CA Paris, 1re ch. H, 9 avril 2002, n° ECOC0200141X

PARIS

Arrêt

PARTIES

Demandeur :

France Télécom (SA)

Défendeur :

T-Online France (SAS), Ministre de l'Economie

COMPOSITION DE LA JURIDICTION

Président :

M. Lacabarats

Conseillers :

Mmes Penichon, Delmas-Goyon

Avoués :

SCP Gibou Pignot Grappotte Benetreau, SCP Fisselier Chiloux Boulay

Avocats :

Mes Clarenc, M. Freget

CA Paris n° ECOC0200141X

9 avril 2002

Le 28 novembre 2001, la société T-Online France (ci-après T-Online), filiale de l'opérateur allemand Deutsche Telekom et fournisseur d'accès Internet (FAI), qui exerce son activité sous l'enseigne Club Internet, a saisi le Conseil de la concurrence de pratiques qu'elle estime anticoncurrentielles, relatives à la commercialisation, à travers le réseau de distribution de la société France Télécom, des services d'accès à Internet haut débit par la technologie "Asymetric Digital Subscriber Line" (ADSL) de la société Wanadoo Interactive, filiale de France Télécom à 99 %, (ci-après Wanadoo).

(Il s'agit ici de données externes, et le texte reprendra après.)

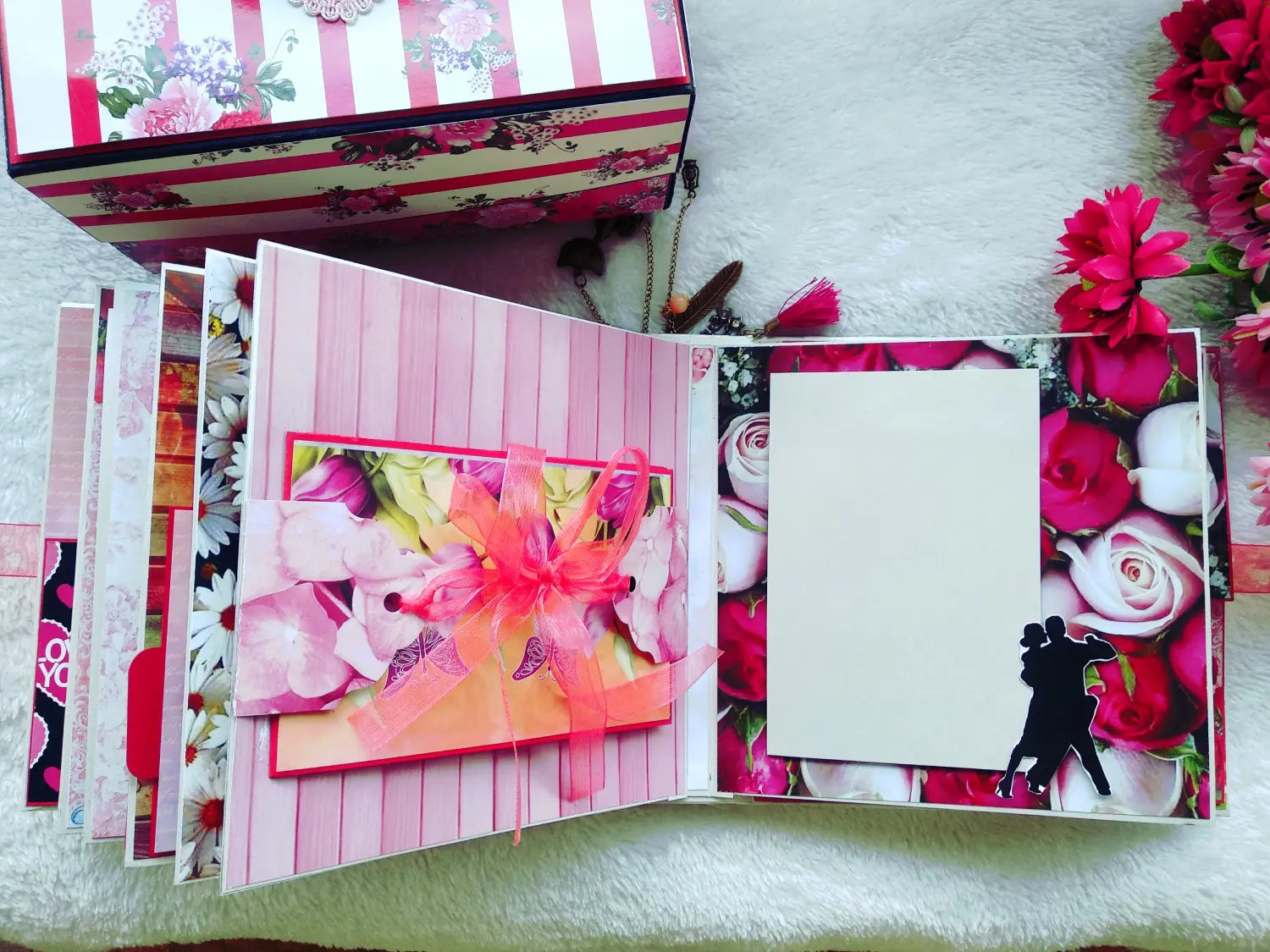 An open handmade paper album or scrapbook with pink floral covers, layered paper tabs, and a blank white photo slot on the right page, displayed on a white textured surface with decorative flowers.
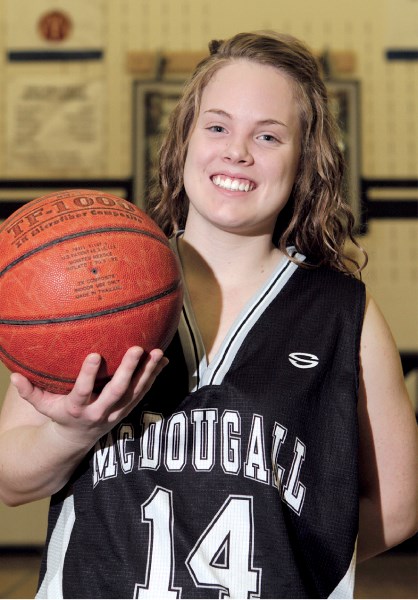Morgan Schultz, seen posing for a photo at the George McDougall gymnasium, April 2, will become a member of the Queens women&#8217;s basketball team at Red Deer College this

La technologie ADSL permet la fourniture des services d'accès à Internet haut débit sur les lignes existantes du réseau local téléphonique par l'ajout d'équipements spécifiques. L'utilisateur de cette prestation doit souscrire un abonnement audit service auprès d'un FAI ainsi qu'à une offre d'interconnexion rapide de technologie ADSL auprès d'un opérateur de télécommunications. Cette offre lui est vendue sous forme d'un pack par les différents FAI existant sur le marché auxquels France Télécom revend en gros son service Netissimo d'accès à des services Internet utilisant son ADSL, dans le cadre d'un contrat dénommé IP/ADSL.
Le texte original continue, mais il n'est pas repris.